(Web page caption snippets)
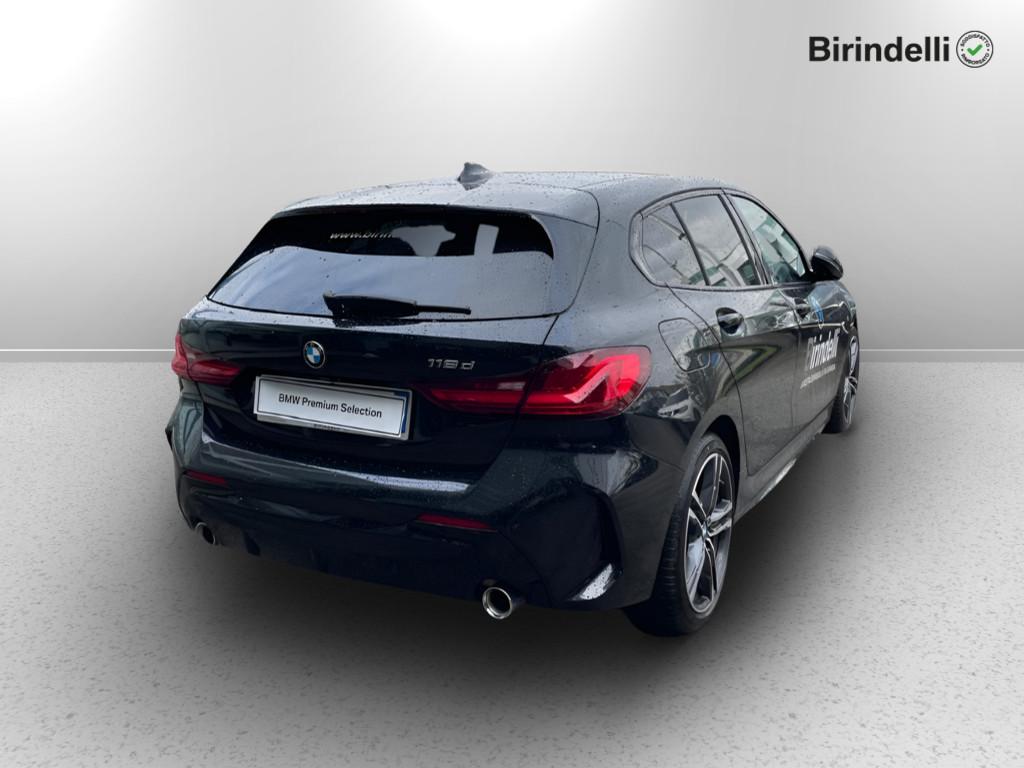 BMW 118d 5 Porte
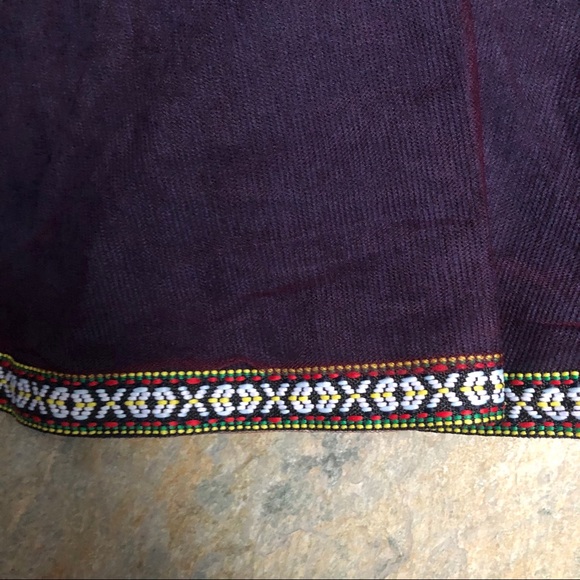 NWT Embroidered Skort - Picture 7 of 9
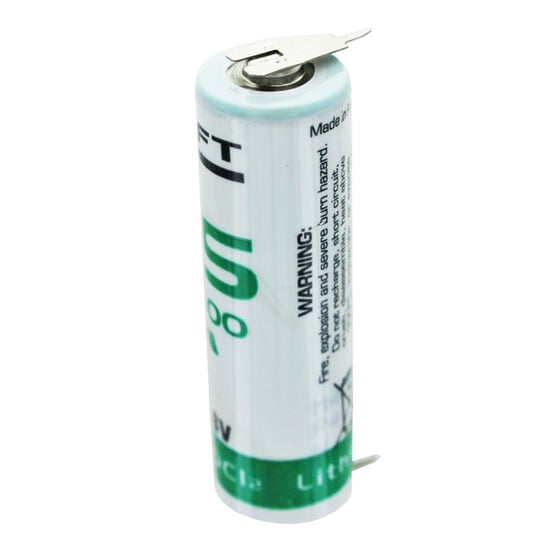 Juice Pile Lithium LS 14500 - AA - 3.6V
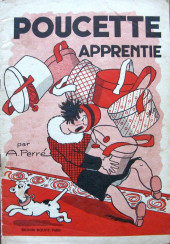 Poucette Trottin -13- Poucette apprentie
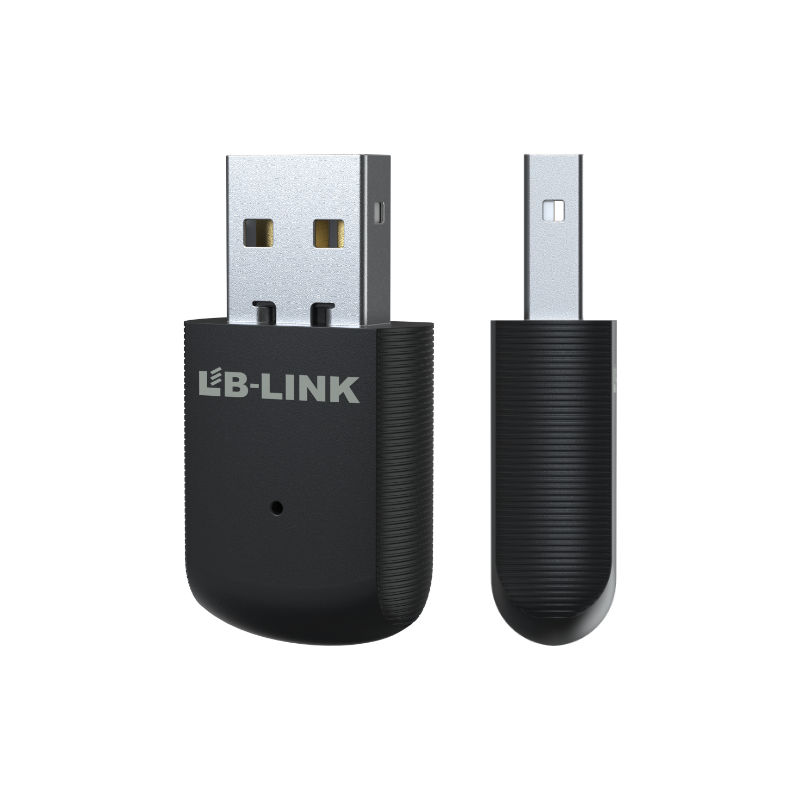 LB-Link Wireless AX900 900 Mbps 2.4 GHz WiFi 6 USB Network Adapter Dual Band WiFi 6 USB Card Win 10/11 MAC WIFI Dongle.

→ **Exercise goal**: Would you output the data exactly, without any of its images?

→ **Answer to the problem**:
 BMW 118d 5 Porte
 NWT Embroidered Skort - Picture 7 of 9
 Juice Pile Lithium LS 14500 - AA - 3.6V
 Poucette Trottin -13- Poucette apprentie
 LB-Link Wireless AX900 900 Mbps 2.4 GHz WiFi 6 USB Network Adapter Dual Band WiFi 6 USB Card Win 10/11 MAC WIFI Dongle.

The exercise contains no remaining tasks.